Exercise description ->
Give an exact copy of the data that follows, but none of its pictures.

(Beginning of Data for processing)

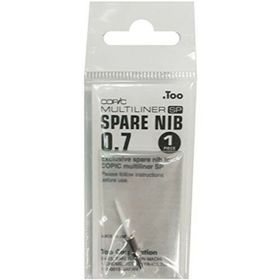 Copic 0.7 mm Multiliner Sp Yedek Uç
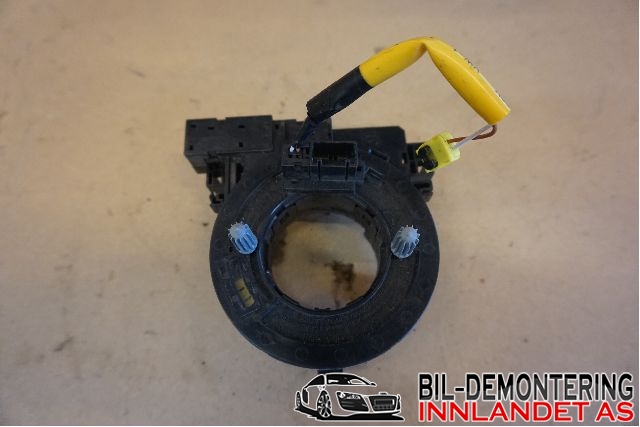 Airbag slepering til Mazda 6, 2015-2018 (Type III, Fase 2)  (MAZDA|KD49-66-CS0A)
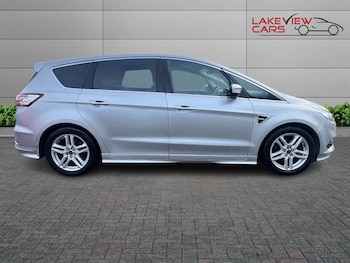 Used Ford S-Max 2016 for sale - 77188571: Photo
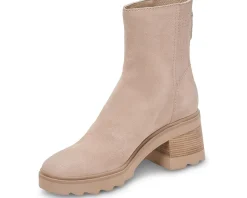 Boots|Boots|Dolce Vita Martey H2O Taupe Suede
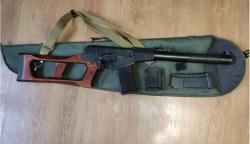 ВСС LCT тюнинг.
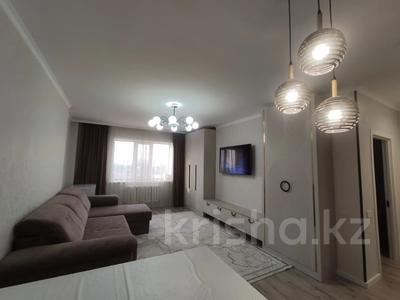 2-комнатная квартира · 51.4 м² · 7/16 этаж, Богенбай батыра 24/2 за 28.5 млн ₸ в Астане, Сарыарка р-н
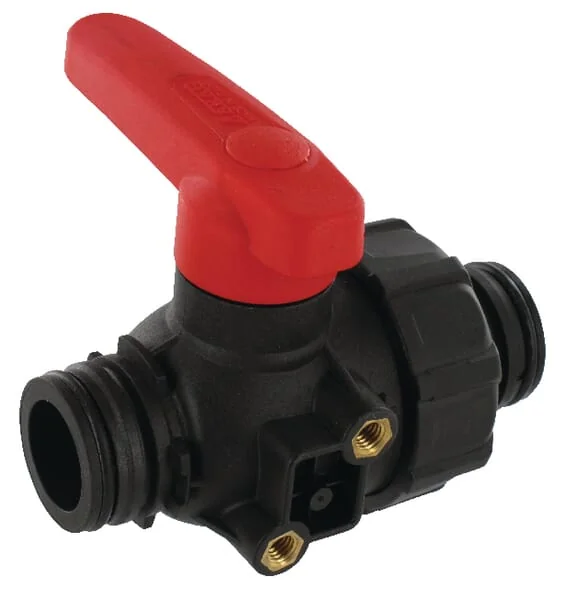 Arag - 45514404 - T4 2 Way Ball Valve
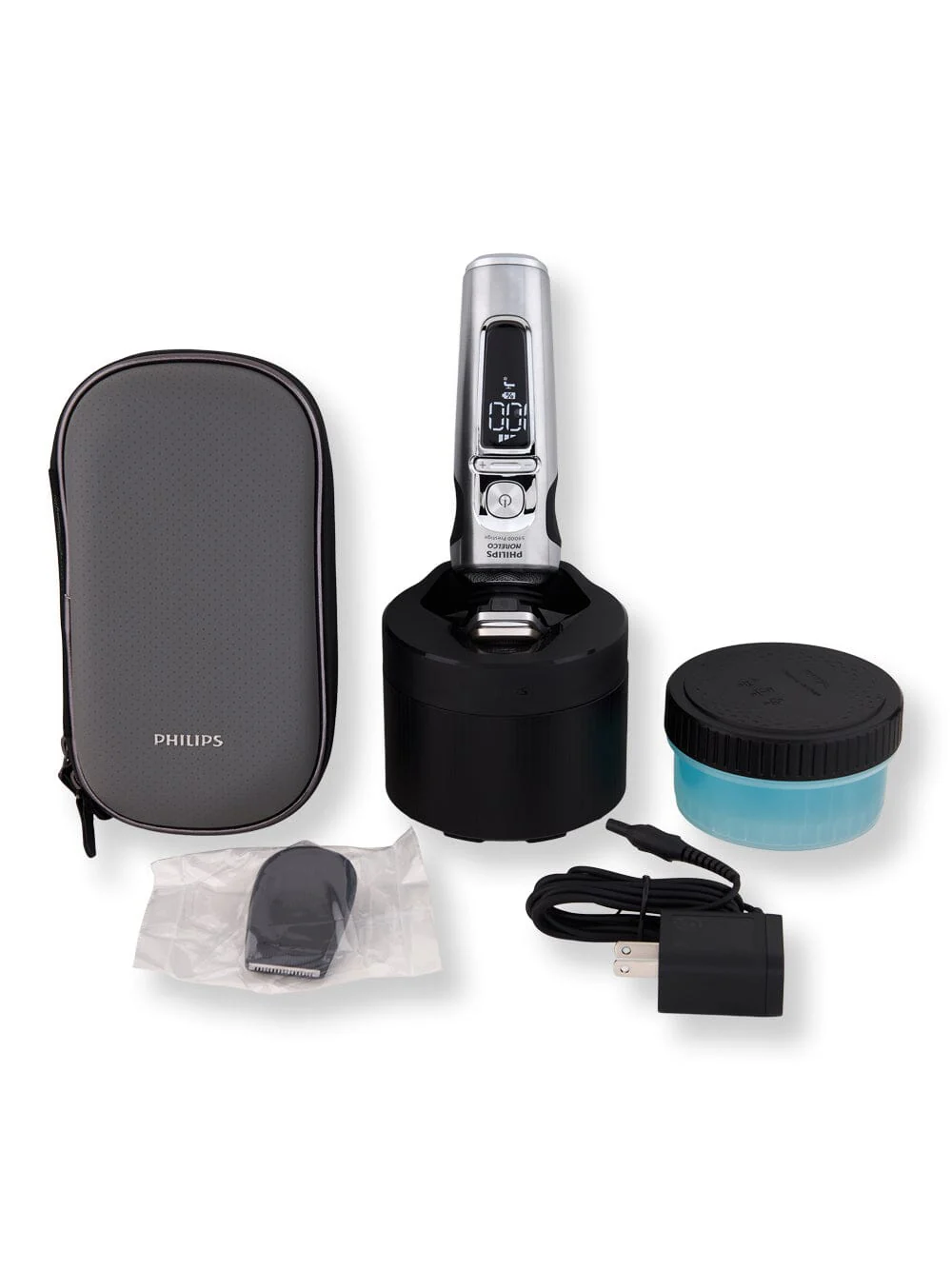 Philips Norelco S9000 Prestige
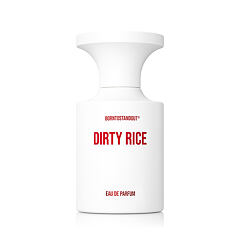 Parfumska voda BORNTOSTANDOUT Dirty Rice 50 ml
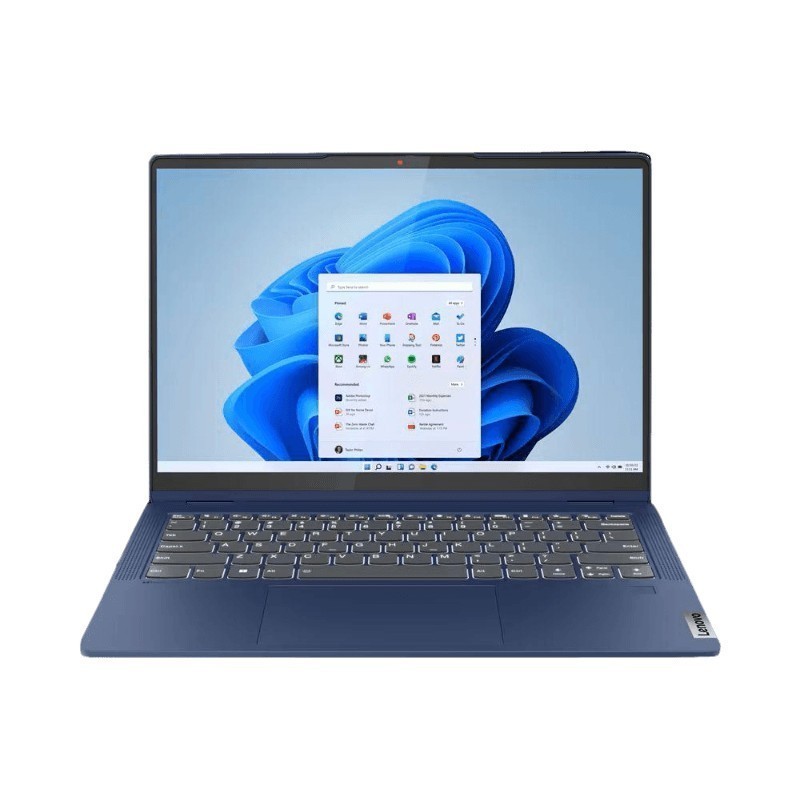 LENOVO FLEX 5-6WID I7 1355U 16GB 512 W11 14"WUXGA OLED TOUCH FLIP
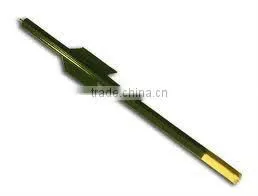 Metal T post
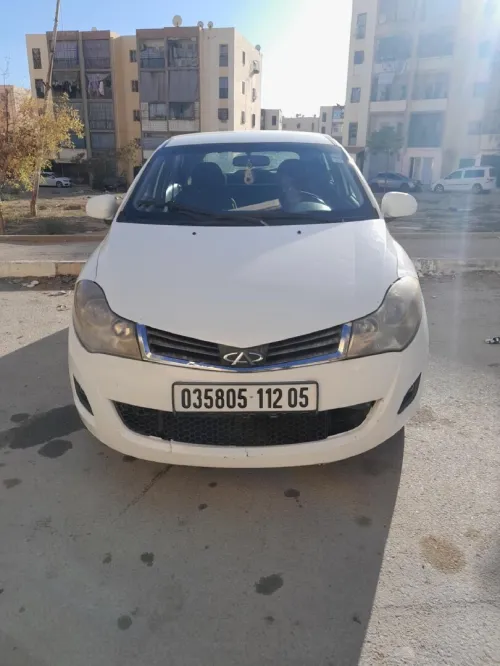 Chery Fulwin 2012 Fulwin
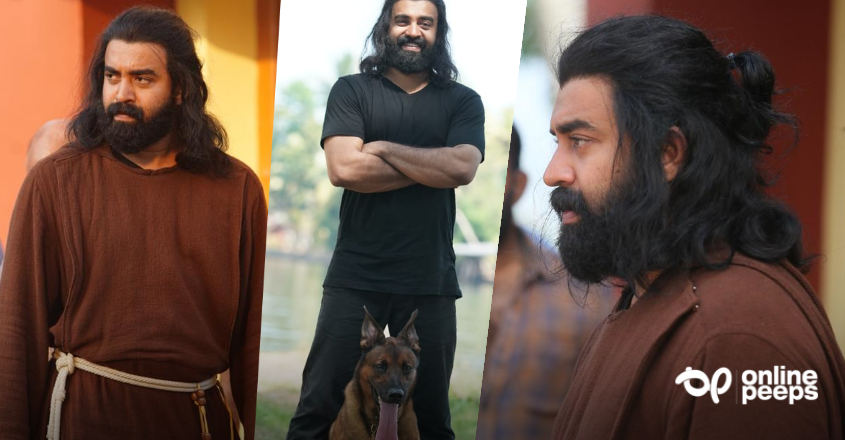 നന്മമരമായ ഒരു പള്ളിയിലച്ഛന്റെ ക്ലീഷേ  ചിത്രം ആയിരിക്കില്ല ‘വരയൻ’ സൂചനകൾ നൽകി അണിയറ പ്രവർത്തകർ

(End of Data for processing)

The answer ->
 Copic 0.7 mm Multiliner Sp Yedek Uç
 Airbag slepering til Mazda 6, 2015-2018 (Type III, Fase 2)  (MAZDA|KD49-66-CS0A)
 Used Ford S-Max 2016 for sale - 77188571: Photo
 Boots|Boots|Dolce Vita Martey H2O Taupe Suede
 ВСС LCT тюнинг.
 2-комнатная квартира · 51.4 м² · 7/16 этаж, Богенбай батыра 24/2 за 28.5 млн ₸ в Астане, Сарыарка р-н
 Arag - 45514404 - T4 2 Way Ball Valve
 Philips Norelco S9000 Prestige
 Parfumska voda BORNTOSTANDOUT Dirty Rice 50 ml
 LENOVO FLEX 5-6WID I7 1355U 16GB 512 W11 14"WUXGA OLED TOUCH FLIP
 Metal T post
 Chery Fulwin 2012 Fulwin
 നന്മമരമായ ഒരു പള്ളിയിലച്ഛന്റെ ക്ലീഷേ  ചിത്രം ആയിരിക്കില്ല ‘വരയൻ’ സൂചനകൾ നൽകി അണിയറ പ്രവർത്തകർ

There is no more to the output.